Indonesian banks facing a bloodbath - Brief Article

Business Asia, Feb 11, 2000 by Will Dempster

It is crunch time for the Indonesian Government's expensive bank recapitalisation program.

Between now and March some of the 500 trillion rupiah (US$70 billion) in bonds the government issued to save embattled banks will hit the secondary market and there is every indication that it could be a financial bloodbath.

The government issued the bonds to recapitalise the banking sector but rather than trying to sell the bonds, it gave them to the banks in exchange for an equity stake.

This means that although the banks are recapitalised on paper, they do not have any cash with which to resume lending, which is the real key to both a banking sector and broader recovery.

Besides the modest income banks will receive in coupon payments on the bonds, banks have no other source of cash flow. So the plan is for them to sell the bonds.

The most obvious question is: Who is going to buy bonds?

Why would an investor buy the bonds of a government that owes US$84.1 billion in foreign debt, hundreds of trillions of rupiah in domestic debt and is about to deliver a budget with a deficit at 5 per cent of GDP which will have to be externally funded?

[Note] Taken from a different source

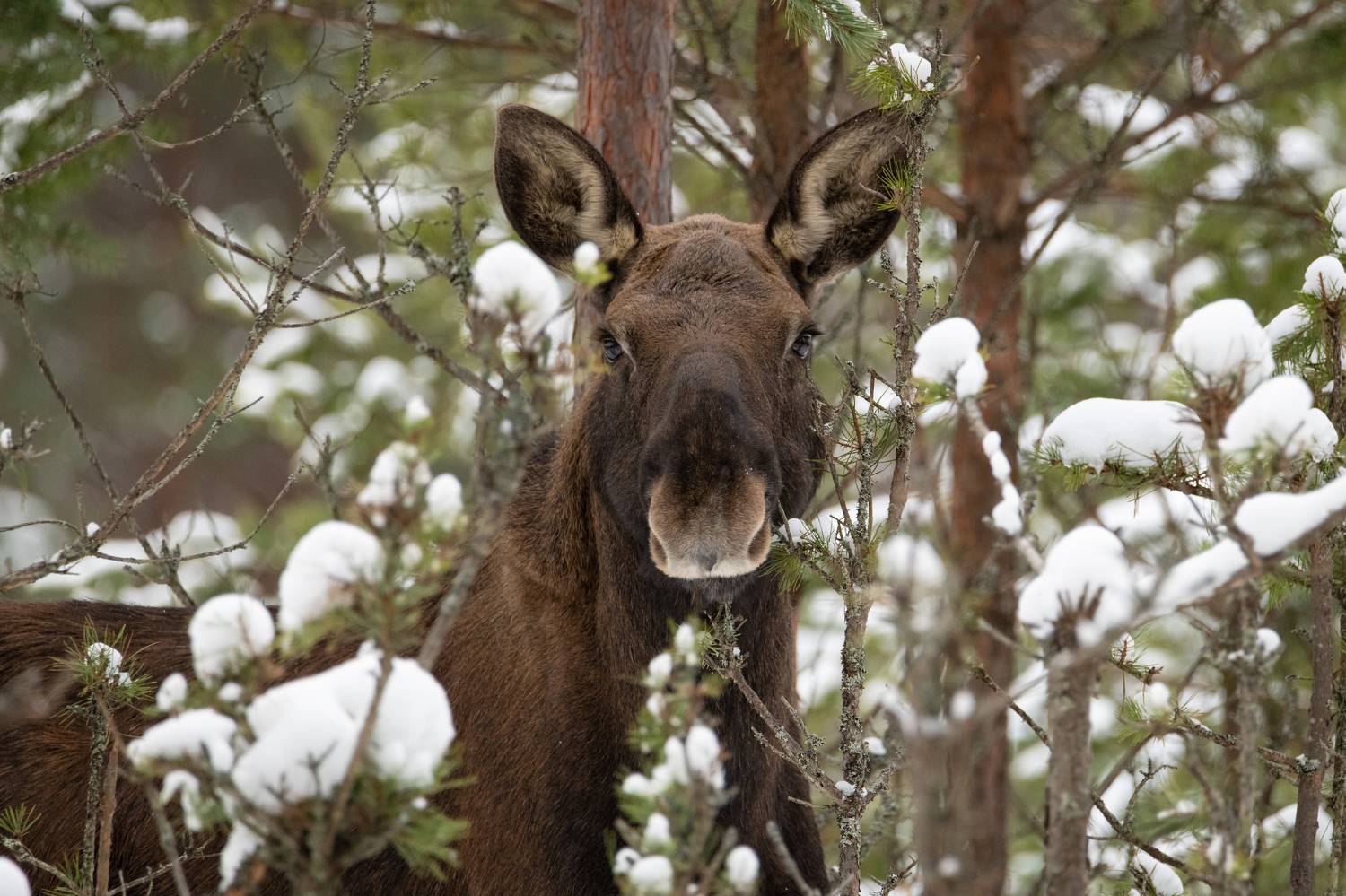 лось, сохатый, лес, зима, ресницы, Степанова Татьяна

Given investors' likely reluctance to buy the bonds and given banks' desperate need to raise cash by selling the bonds, it is almost inconceivable that investors will pay full price for the bonds.

This will create several problems. Firstly, it means that banks' financial positions will not be as strong as they look on paper.

Presently, Bank Indonesia deems a bank healthy if its capital adequacy ratio (CAR) is 4 per cent or higher -- so just enough bonds were issued to lift banks' CARs to 4 per cent.

If banks sell the bonds for below face value then their CARs could slide.

Secondly, because the cash the banks raise through the bond sales will be less than the bonds' face value, the banks will have far less cash to lend than they had hoped for, thus slowing lending growth.

Finally, with so many bonds hitting the market, interest rates could rise. Bank Indonesia has worked hard to lower rates over the past 18 months and has managed to lower benchmark 1-month rates from 70 per cent to about 11 per cent.

But Bank Indonesia uses market mechanisms (a weekly auction) to set rates, so competition from bonds could cause rates to spike, thus making it even harder for banks to lend the cash they raise through the sale of bonds.

To be sure, not all of the 500 trillion rupiah of bonds will be for sale. In fact, Bank Indonesia estimates that about only 10 per cent will be sold.

In short, the scenario could easily look something like this: Banks sell bonds but for less than face value, thus reducing their financial health and placing constraints on their ability to lend.

As these bonds hit the market they drive up interest rates, further harming banks' lending prospects and casting a shadow over a broader recovery.

And as if things are not already bad enough for the government, by some estimates it may still have to issue as much as another 200 trillion rupiah to complete the recapitalisation.

With such challenges ahead, there is a very real chance the government is getting itself even further in debt for a program that at every turn looks more and more likely to fail.